Instructions to follow:
Please reproduce the lines of the records below from the one holding "Arzobispo Víctor Sánchez, ordenó" through the one holding "East Seelye Bay Campground Picture 4", inclusive, skipping all pictures.

Input data:
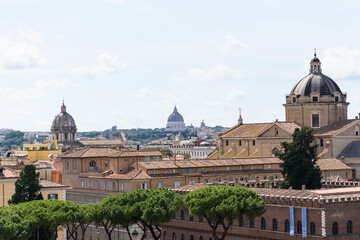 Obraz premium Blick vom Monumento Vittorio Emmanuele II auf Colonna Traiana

* * *

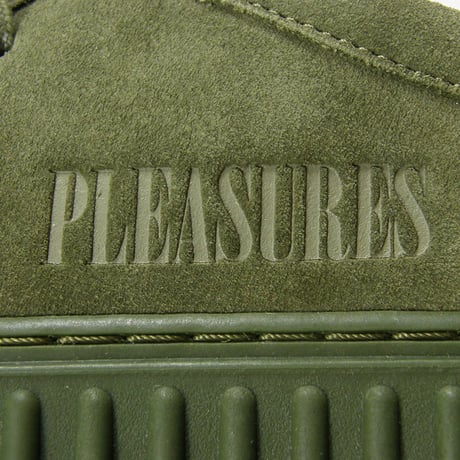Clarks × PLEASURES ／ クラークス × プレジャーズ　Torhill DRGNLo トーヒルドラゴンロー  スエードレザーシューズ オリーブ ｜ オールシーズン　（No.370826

---

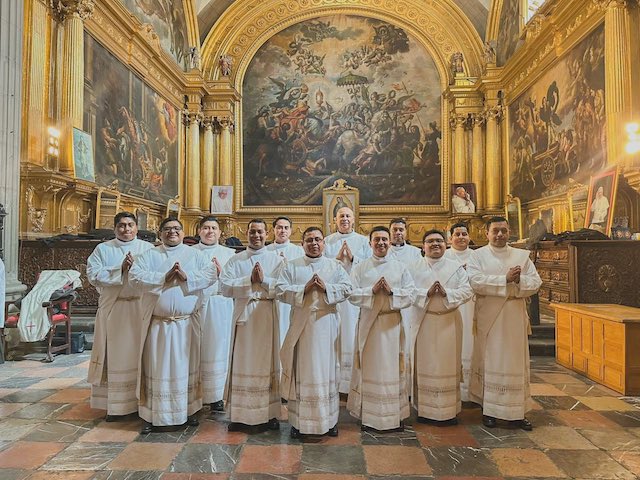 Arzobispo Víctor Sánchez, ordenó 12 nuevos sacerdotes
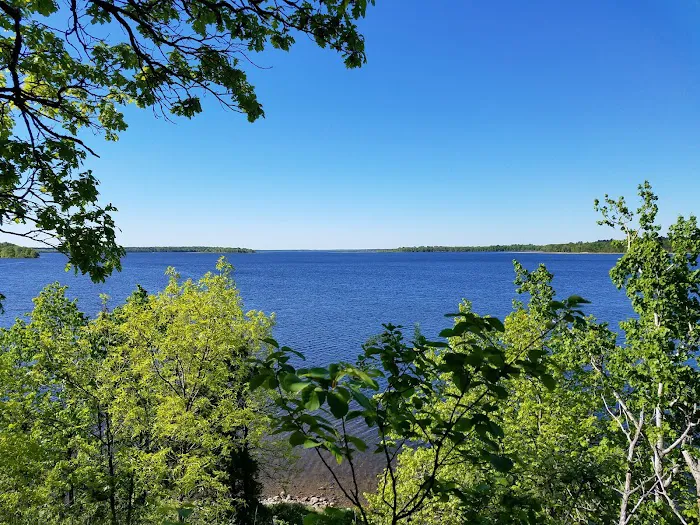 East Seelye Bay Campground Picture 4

Written solution:
 Arzobispo Víctor Sánchez, ordenó 12 nuevos sacerdotes
 East Seelye Bay Campground Picture 4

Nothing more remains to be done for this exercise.